If it doesn't help, our 'No Bugs' Bunny might need to take a closer look at inter-transaction interaction (including transaction isolation levels, SELECT FOR UPDATE statements and the order of obtained locks). We feel that if it goes as far as this, he is in quite big trouble. While inter-transaction communication is not exactly multithreading, it has many similar features. In particular, deadlocks or 'dirty reads' can easily occur, eliminating them can be really tricky, and debugging can become extremely unpleasant. If our 'No MT Bugs' Bunny finds himself in such situation, we will consider him being 'Half-Gotchaed'. One application-level option which might be useful at this point is to start postponing updates (storing them in separate table, or some kind of queue) for certain frequently updated statistical fields (like a 'number of hits' field) to avoid the locking, and move such postponed updates into the main table later, time-permitting or in bulk, reducing locking.

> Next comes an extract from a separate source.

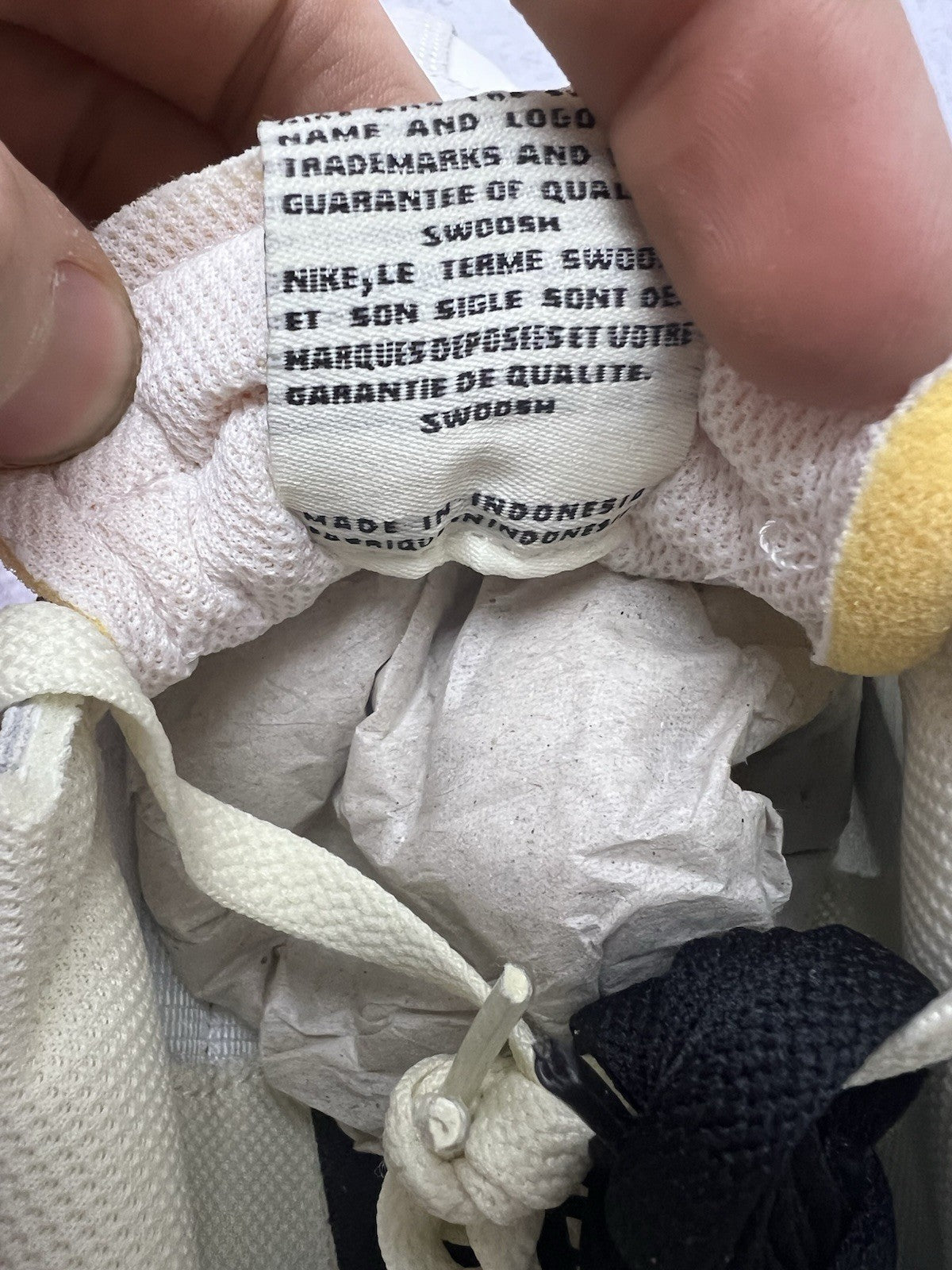 NIKE CORTEZ TXT SIZE UK 8.5 EUR 43 (HM9987 001) UNISEX TRAINERS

Single connection: back to the future?

It is worth noting that there is an option to avoid this kind of multithread-like problems altogether, which is rarely considered. It is sometimes possible to move all update statements into a single DB connection (essentially to a single thread); while such approaches are often ostracized for lack of scalability, practice shows that in some environments (especially those where data integrity is paramount with no room for mistakes, for example, in financial areas), it is a perfectly viable approach - the biggest load which we have observed for such single-update-connection architecture was on the order of 30M update transactions per day for a single synchronous DB connection, and when it became not enough, it was (though with a substantial effort) separated into several databases with a single connection for updates to each one, reaching 100M+ update transactions per day (and with the option to go further if necessary).

Divide et impera

If after applying all the optimizations above our our 'No MT Bugs' Bunny still experiences performance problems, his next chance to escape fierce 'Multithreaded Gorrillazz' is to try to find out if the data he works with can be easily classified by certain criteria, and split the single monolithic database into several partitioned ones. For example, if his application needs to handle transactions in a thousand stores worldwide, but most transactions are in-store and only a few interactions between the stores (similar to the task defined in [ TPC-C ] benchmark), he has a chance of getting away with partitioning the database by store (one or several stores per database), achieving scalability this way. Methods of separation can vary from DBMS-supported partitioning (for example, [ IBM06 ] and [ Oracle07 ]) to application-level separation. Application-level separation can have many varieties (with many being extremely application-specific), and detailed discussion of such separation can easily take a few books, so we will not try to go into more details here.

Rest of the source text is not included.